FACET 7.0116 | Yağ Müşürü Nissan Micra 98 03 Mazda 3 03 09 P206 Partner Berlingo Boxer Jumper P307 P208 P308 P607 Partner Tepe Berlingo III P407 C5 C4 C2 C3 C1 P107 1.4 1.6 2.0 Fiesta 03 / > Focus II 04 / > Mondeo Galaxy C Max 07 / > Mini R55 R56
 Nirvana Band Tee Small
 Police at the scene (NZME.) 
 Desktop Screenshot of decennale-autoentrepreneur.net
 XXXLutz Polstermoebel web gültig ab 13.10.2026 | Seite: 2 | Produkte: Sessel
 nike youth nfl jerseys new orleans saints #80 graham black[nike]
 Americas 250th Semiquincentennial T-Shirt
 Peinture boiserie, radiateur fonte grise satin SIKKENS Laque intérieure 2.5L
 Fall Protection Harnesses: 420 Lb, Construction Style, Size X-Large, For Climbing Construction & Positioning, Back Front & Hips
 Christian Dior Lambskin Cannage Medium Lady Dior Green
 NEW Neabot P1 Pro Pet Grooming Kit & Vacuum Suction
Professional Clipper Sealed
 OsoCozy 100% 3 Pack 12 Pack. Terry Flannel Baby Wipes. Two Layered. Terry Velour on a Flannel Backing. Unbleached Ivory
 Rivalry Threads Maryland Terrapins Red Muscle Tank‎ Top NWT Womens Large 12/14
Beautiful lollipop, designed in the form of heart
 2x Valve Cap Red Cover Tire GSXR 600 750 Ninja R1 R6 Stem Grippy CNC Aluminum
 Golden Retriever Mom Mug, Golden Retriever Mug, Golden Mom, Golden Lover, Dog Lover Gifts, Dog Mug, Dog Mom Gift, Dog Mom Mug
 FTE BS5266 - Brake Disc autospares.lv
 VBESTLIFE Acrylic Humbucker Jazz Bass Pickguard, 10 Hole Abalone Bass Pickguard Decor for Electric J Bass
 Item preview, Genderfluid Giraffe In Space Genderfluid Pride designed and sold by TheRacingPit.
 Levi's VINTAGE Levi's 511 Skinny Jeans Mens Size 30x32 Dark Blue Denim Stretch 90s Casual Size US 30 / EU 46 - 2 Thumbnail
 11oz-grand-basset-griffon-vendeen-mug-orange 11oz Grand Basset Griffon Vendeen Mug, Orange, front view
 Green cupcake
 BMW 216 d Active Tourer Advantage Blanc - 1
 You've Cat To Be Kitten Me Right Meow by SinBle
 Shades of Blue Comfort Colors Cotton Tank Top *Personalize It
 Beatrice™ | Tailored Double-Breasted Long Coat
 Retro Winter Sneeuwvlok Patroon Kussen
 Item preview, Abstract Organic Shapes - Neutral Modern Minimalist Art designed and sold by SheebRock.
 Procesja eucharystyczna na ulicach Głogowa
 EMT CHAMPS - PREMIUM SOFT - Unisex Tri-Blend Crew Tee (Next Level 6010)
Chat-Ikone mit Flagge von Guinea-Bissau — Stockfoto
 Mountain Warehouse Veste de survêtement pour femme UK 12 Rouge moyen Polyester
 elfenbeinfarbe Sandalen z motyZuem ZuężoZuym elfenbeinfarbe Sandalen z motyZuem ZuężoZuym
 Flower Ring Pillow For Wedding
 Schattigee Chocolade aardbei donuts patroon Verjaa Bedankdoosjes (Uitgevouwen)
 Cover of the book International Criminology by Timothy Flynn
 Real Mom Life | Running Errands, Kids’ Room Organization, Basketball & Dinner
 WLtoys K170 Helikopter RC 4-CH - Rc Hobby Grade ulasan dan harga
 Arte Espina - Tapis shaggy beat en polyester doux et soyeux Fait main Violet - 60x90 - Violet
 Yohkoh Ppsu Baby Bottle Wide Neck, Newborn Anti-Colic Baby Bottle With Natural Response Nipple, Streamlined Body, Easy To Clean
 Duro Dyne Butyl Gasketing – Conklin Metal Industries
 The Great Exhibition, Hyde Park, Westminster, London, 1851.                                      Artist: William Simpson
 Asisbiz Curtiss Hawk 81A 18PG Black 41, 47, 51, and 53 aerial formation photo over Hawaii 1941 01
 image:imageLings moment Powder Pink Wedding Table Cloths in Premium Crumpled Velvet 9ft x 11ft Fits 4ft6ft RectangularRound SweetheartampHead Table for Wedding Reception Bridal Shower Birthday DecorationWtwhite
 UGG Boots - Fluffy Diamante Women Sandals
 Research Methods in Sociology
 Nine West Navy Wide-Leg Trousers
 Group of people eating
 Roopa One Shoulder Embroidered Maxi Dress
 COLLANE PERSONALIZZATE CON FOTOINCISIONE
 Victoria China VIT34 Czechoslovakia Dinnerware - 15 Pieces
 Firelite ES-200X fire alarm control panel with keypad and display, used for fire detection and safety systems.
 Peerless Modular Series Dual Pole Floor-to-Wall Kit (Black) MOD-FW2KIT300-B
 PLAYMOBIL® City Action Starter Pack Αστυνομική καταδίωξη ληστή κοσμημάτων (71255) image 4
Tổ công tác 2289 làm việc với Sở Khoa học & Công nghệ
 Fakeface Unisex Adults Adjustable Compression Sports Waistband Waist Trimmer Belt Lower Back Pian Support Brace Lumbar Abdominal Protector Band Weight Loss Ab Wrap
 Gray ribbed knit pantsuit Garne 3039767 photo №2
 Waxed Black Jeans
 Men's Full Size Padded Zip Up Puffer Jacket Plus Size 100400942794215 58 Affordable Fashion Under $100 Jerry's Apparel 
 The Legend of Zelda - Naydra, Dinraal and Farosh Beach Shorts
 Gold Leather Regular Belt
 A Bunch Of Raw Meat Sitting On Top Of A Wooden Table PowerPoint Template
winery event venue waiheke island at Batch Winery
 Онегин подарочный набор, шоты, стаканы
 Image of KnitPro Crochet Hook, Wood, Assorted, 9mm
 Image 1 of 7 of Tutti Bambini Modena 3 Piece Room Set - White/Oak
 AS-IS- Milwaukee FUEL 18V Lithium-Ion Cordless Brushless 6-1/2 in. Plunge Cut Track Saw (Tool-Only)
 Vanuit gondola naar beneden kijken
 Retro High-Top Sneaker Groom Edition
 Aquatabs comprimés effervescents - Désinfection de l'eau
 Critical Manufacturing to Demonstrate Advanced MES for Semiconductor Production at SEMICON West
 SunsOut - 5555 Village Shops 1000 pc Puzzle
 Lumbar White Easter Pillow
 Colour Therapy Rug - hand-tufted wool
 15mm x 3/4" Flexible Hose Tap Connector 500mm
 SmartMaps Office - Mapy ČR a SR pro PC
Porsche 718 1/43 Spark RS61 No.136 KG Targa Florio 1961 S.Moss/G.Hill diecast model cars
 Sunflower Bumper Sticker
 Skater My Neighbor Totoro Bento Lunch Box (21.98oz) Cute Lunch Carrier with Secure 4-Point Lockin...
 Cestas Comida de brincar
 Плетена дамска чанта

### TASK DIRECTIONS
Please reproduce all of the entries above exactly as they appear.

### TASK OUTPUT
FACET 7.0116 | Yağ Müşürü Nissan Micra 98 03 Mazda 3 03 09 P206 Partner Berlingo Boxer Jumper P307 P208 P308 P607 Partner Tepe Berlingo III P407 C5 C4 C2 C3 C1 P107 1.4 1.6 2.0 Fiesta 03 / > Focus II 04 / > Mondeo Galaxy C Max 07 / > Mini R55 R56
 Nirvana Band Tee Small
 Police at the scene (NZME.) 
 Desktop Screenshot of decennale-autoentrepreneur.net
 XXXLutz Polstermoebel web gültig ab 13.10.2026 | Seite: 2 | Produkte: Sessel
 nike youth nfl jerseys new orleans saints #80 graham black[nike]
 Americas 250th Semiquincentennial T-Shirt
 Peinture boiserie, radiateur fonte grise satin SIKKENS Laque intérieure 2.5L
 Fall Protection Harnesses: 420 Lb, Construction Style, Size X-Large, For Climbing Construction & Positioning, Back Front & Hips
 Christian Dior Lambskin Cannage Medium Lady Dior Green
 NEW Neabot P1 Pro Pet Grooming Kit & Vacuum Suction
Professional Clipper Sealed
 OsoCozy 100% 3 Pack 12 Pack. Terry Flannel Baby Wipes. Two Layered. Terry Velour on a Flannel Backing. Unbleached Ivory
 Rivalry Threads Maryland Terrapins Red Muscle Tank‎ Top NWT Womens Large 12/14
Beautiful lollipop, designed in the form of heart
 2x Valve Cap Red Cover Tire GSXR 600 750 Ninja R1 R6 Stem Grippy CNC Aluminum
 Golden Retriever Mom Mug, Golden Retriever Mug, Golden Mom, Golden Lover, Dog Lover Gifts, Dog Mug, Dog Mom Gift, Dog Mom Mug
 FTE BS5266 - Brake Disc autospares.lv
 VBESTLIFE Acrylic Humbucker Jazz Bass Pickguard, 10 Hole Abalone Bass Pickguard Decor for Electric J Bass
 Item preview, Genderfluid Giraffe In Space Genderfluid Pride designed and sold by TheRacingPit.
 Levi's VINTAGE Levi's 511 Skinny Jeans Mens Size 30x32 Dark Blue Denim Stretch 90s Casual Size US 30 / EU 46 - 2 Thumbnail
 11oz-grand-basset-griffon-vendeen-mug-orange 11oz Grand Basset Griffon Vendeen Mug, Orange, front view
 Green cupcake
 BMW 216 d Active Tourer Advantage Blanc - 1
 You've Cat To Be Kitten Me Right Meow by SinBle
 Shades of Blue Comfort Colors Cotton Tank Top *Personalize It
 Beatrice™ | Tailored Double-Breasted Long Coat
 Retro Winter Sneeuwvlok Patroon Kussen
 Item preview, Abstract Organic Shapes - Neutral Modern Minimalist Art designed and sold by SheebRock.
 Procesja eucharystyczna na ulicach Głogowa
 EMT CHAMPS - PREMIUM SOFT - Unisex Tri-Blend Crew Tee (Next Level 6010)
Chat-Ikone mit Flagge von Guinea-Bissau — Stockfoto
 Mountain Warehouse Veste de survêtement pour femme UK 12 Rouge moyen Polyester
 elfenbeinfarbe Sandalen z motyZuem ZuężoZuym elfenbeinfarbe Sandalen z motyZuem ZuężoZuym
 Flower Ring Pillow For Wedding
 Schattigee Chocolade aardbei donuts patroon Verjaa Bedankdoosjes (Uitgevouwen)
 Cover of the book International Criminology by Timothy Flynn
 Real Mom Life | Running Errands, Kids’ Room Organization, Basketball & Dinner
 WLtoys K170 Helikopter RC 4-CH - Rc Hobby Grade ulasan dan harga
 Arte Espina - Tapis shaggy beat en polyester doux et soyeux Fait main Violet - 60x90 - Violet
 Yohkoh Ppsu Baby Bottle Wide Neck, Newborn Anti-Colic Baby Bottle With Natural Response Nipple, Streamlined Body, Easy To Clean
 Duro Dyne Butyl Gasketing – Conklin Metal Industries
 The Great Exhibition, Hyde Park, Westminster, London, 1851.                                      Artist: William Simpson
 Asisbiz Curtiss Hawk 81A 18PG Black 41, 47, 51, and 53 aerial formation photo over Hawaii 1941 01
 image:imageLings moment Powder Pink Wedding Table Cloths in Premium Crumpled Velvet 9ft x 11ft Fits 4ft6ft RectangularRound SweetheartampHead Table for Wedding Reception Bridal Shower Birthday DecorationWtwhite
 UGG Boots - Fluffy Diamante Women Sandals
 Research Methods in Sociology
 Nine West Navy Wide-Leg Trousers
 Group of people eating
 Roopa One Shoulder Embroidered Maxi Dress
 COLLANE PERSONALIZZATE CON FOTOINCISIONE
 Victoria China VIT34 Czechoslovakia Dinnerware - 15 Pieces
 Firelite ES-200X fire alarm control panel with keypad and display, used for fire detection and safety systems.
 Peerless Modular Series Dual Pole Floor-to-Wall Kit (Black) MOD-FW2KIT300-B
 PLAYMOBIL® City Action Starter Pack Αστυνομική καταδίωξη ληστή κοσμημάτων (71255) image 4
Tổ công tác 2289 làm việc với Sở Khoa học & Công nghệ
 Fakeface Unisex Adults Adjustable Compression Sports Waistband Waist Trimmer Belt Lower Back Pian Support Brace Lumbar Abdominal Protector Band Weight Loss Ab Wrap
 Gray ribbed knit pantsuit Garne 3039767 photo №2
 Waxed Black Jeans
 Men's Full Size Padded Zip Up Puffer Jacket Plus Size 100400942794215 58 Affordable Fashion Under $100 Jerry's Apparel 
 The Legend of Zelda - Naydra, Dinraal and Farosh Beach Shorts
 Gold Leather Regular Belt
 A Bunch Of Raw Meat Sitting On Top Of A Wooden Table PowerPoint Template
winery event venue waiheke island at Batch Winery
 Онегин подарочный набор, шоты, стаканы
 Image of KnitPro Crochet Hook, Wood, Assorted, 9mm
 Image 1 of 7 of Tutti Bambini Modena 3 Piece Room Set - White/Oak
 AS-IS- Milwaukee FUEL 18V Lithium-Ion Cordless Brushless 6-1/2 in. Plunge Cut Track Saw (Tool-Only)
 Vanuit gondola naar beneden kijken
 Retro High-Top Sneaker Groom Edition
 Aquatabs comprimés effervescents - Désinfection de l'eau
 Critical Manufacturing to Demonstrate Advanced MES for Semiconductor Production at SEMICON West
 SunsOut - 5555 Village Shops 1000 pc Puzzle
 Lumbar White Easter Pillow
 Colour Therapy Rug - hand-tufted wool
 15mm x 3/4" Flexible Hose Tap Connector 500mm
 SmartMaps Office - Mapy ČR a SR pro PC
Porsche 718 1/43 Spark RS61 No.136 KG Targa Florio 1961 S.Moss/G.Hill diecast model cars
 Sunflower Bumper Sticker
 Skater My Neighbor Totoro Bento Lunch Box (21.98oz) Cute Lunch Carrier with Secure 4-Point Lockin...
 Cestas Comida de brincar
 Плетена дамска чанта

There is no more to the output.